The canvas has an idiotic stare
It’s Vincent van Gogh’s birthday. Or rather, it would have been, had he not died long ago. But you get the idea. The letter below can be found in Letters of Note: Art, a gorgeous little book which I love with all my heart, and beneath it can be found a brief but magnificent excerpt which can’t be found in the book, but which I love just as much. Don’t miss it. The Letters of Note newsletter is free to read, but you can support it by becoming a paying subscriber, for which you will receive additional ‘members-only’ emails. Or you could donate. Thanks!

It wasn’t until his 30s that Dutch painter Vincent van Gogh found his calling as an artist. Born in Zundert on 30th March 1853, his early years saw him flit from job to job, his only real focus being a deepening dedication to religion, and in 1879 he took a missionary post in Belgium whilst living in squalor. His family, who had supported him for years, were losing patience; at one point his father tried to have him committed to an asylum. In 1881, with financial backing from his younger brother, Theo, Vincent began to paint, and for the remainder of his life spent much of his time creating the work for which he is now known. In 1884, aged 31, he wrote this letter to his brother.
My dear Theo,
Thanks for your letter, thanks for the enclosure. Now listen here.
[…]
I tell you, if one wants to be active, one mustn’t be afraid to do something wrong sometimes, not afraid to lapse into some mistakes. To be good — many people think that they’ll achieve it by doing no harm — and that’s a lie, and you said yourself in the past that it was a lie. That leads to stagnation, to mediocrity.
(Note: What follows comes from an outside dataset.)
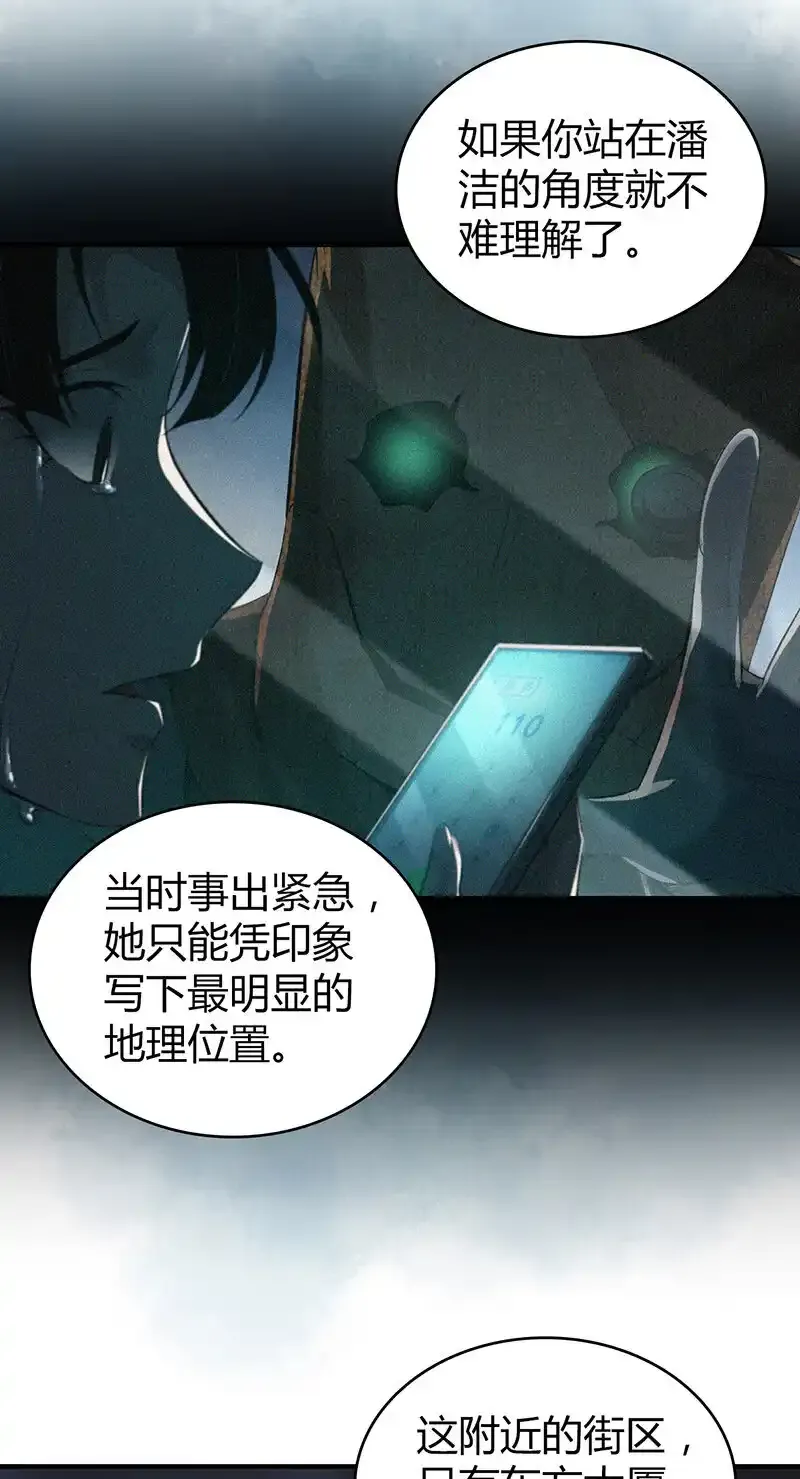 141 无罪谋杀27 第14页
Just slap something on it when you see a blank canvas staring at you with a sort of imbecility.
You don’t know how paralyzing it is, that stare from a blank canvas that says to the painter you can’t do anything. The canvas has an idiotic stare, and mesmerizes some painters so that they turn into idiots themselves. Many painters are afraid of the blank canvas, but the blank canvas is afraid of the truly passionate painter who dares — and who has once broken the spell of ‘you can’t’.
Life itself likewise always turns towards one an infinitely meaningless, discouraging, dispiriting blank side on which there is nothing, any more than on a blank canvas.
But however meaningless and vain, however dead life appears, the man of faith, of energy, of warmth, and who knows something, doesn’t let himself be fobbed off like that. He steps in and does something, and hangs on to that, in short, breaks, ‘violates’ — they say.
Let them talk, those cold theologians.
Yours truly,
Vincent
BONUS
I already told you last spring. Eat well, do your military drill well, don’t fuck too hard; if you don’t fuck too hard, your painting will be all the spunkier for it.